=== Task details ===
Print exactly the lines below between the line holding "Ink Studio #023" and the line holding "Hz348 South Africa", inclusive, and nothing more.

=== Extracted information ===

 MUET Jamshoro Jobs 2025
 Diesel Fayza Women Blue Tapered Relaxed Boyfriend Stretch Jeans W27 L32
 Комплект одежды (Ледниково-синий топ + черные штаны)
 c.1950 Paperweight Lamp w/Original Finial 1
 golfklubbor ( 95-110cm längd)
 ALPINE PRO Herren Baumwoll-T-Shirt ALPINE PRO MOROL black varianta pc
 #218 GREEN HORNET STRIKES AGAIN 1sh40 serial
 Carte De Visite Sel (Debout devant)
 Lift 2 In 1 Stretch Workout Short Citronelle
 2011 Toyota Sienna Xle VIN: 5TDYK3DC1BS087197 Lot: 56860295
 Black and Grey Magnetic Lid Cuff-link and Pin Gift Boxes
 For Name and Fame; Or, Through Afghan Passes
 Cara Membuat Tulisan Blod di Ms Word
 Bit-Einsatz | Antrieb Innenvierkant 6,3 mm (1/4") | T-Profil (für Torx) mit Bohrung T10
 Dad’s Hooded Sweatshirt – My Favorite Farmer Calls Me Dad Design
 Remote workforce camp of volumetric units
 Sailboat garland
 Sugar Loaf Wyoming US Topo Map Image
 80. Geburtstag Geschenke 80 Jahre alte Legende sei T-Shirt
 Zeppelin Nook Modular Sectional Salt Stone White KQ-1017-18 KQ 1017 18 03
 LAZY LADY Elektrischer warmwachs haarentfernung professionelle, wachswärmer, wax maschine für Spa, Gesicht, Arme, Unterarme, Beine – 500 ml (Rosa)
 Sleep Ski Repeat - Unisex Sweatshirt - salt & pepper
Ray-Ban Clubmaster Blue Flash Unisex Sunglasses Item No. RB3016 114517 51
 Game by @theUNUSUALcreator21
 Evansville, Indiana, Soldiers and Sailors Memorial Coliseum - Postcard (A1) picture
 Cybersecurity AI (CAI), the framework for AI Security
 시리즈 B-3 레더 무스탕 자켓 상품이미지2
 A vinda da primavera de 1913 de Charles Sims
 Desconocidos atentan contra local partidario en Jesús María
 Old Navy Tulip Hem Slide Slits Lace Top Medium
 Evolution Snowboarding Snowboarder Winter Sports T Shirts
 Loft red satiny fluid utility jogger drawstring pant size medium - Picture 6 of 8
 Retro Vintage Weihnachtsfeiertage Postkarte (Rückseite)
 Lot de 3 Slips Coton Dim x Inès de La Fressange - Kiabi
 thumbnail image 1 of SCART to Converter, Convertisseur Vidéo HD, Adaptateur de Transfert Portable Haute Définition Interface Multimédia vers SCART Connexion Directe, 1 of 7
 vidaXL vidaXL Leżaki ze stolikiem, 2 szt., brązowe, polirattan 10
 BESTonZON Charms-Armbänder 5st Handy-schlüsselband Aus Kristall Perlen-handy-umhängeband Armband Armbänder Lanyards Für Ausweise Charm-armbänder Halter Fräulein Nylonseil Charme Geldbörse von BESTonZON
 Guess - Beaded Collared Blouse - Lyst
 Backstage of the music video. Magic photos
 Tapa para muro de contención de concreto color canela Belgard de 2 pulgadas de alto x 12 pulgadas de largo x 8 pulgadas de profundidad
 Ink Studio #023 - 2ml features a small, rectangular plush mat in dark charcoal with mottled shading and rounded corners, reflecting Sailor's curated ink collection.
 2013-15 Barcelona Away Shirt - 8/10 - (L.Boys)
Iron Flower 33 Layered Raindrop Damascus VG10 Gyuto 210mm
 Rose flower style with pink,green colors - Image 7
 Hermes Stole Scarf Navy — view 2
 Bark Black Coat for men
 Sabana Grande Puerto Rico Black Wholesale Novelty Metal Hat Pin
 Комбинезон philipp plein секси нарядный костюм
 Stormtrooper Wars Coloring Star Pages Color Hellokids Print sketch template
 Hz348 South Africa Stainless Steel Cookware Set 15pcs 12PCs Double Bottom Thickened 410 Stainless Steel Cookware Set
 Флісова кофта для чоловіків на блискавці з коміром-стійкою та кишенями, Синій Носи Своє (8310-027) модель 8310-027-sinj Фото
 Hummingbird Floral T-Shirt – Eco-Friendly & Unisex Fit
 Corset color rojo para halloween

=== Task output ===
 Ink Studio #023 - 2ml features a small, rectangular plush mat in dark charcoal with mottled shading and rounded corners, reflecting Sailor's curated ink collection.
 2013-15 Barcelona Away Shirt - 8/10 - (L.Boys)
Iron Flower 33 Layered Raindrop Damascus VG10 Gyuto 210mm
 Rose flower style with pink,green colors - Image 7
 Hermes Stole Scarf Navy — view 2
 Bark Black Coat for men
 Sabana Grande Puerto Rico Black Wholesale Novelty Metal Hat Pin
 Комбинезон philipp plein секси нарядный костюм
 Stormtrooper Wars Coloring Star Pages Color Hellokids Print sketch template
 Hz348 South Africa Stainless Steel Cookware Set 15pcs 12PCs Double Bottom Thickened 410 Stainless Steel Cookware Set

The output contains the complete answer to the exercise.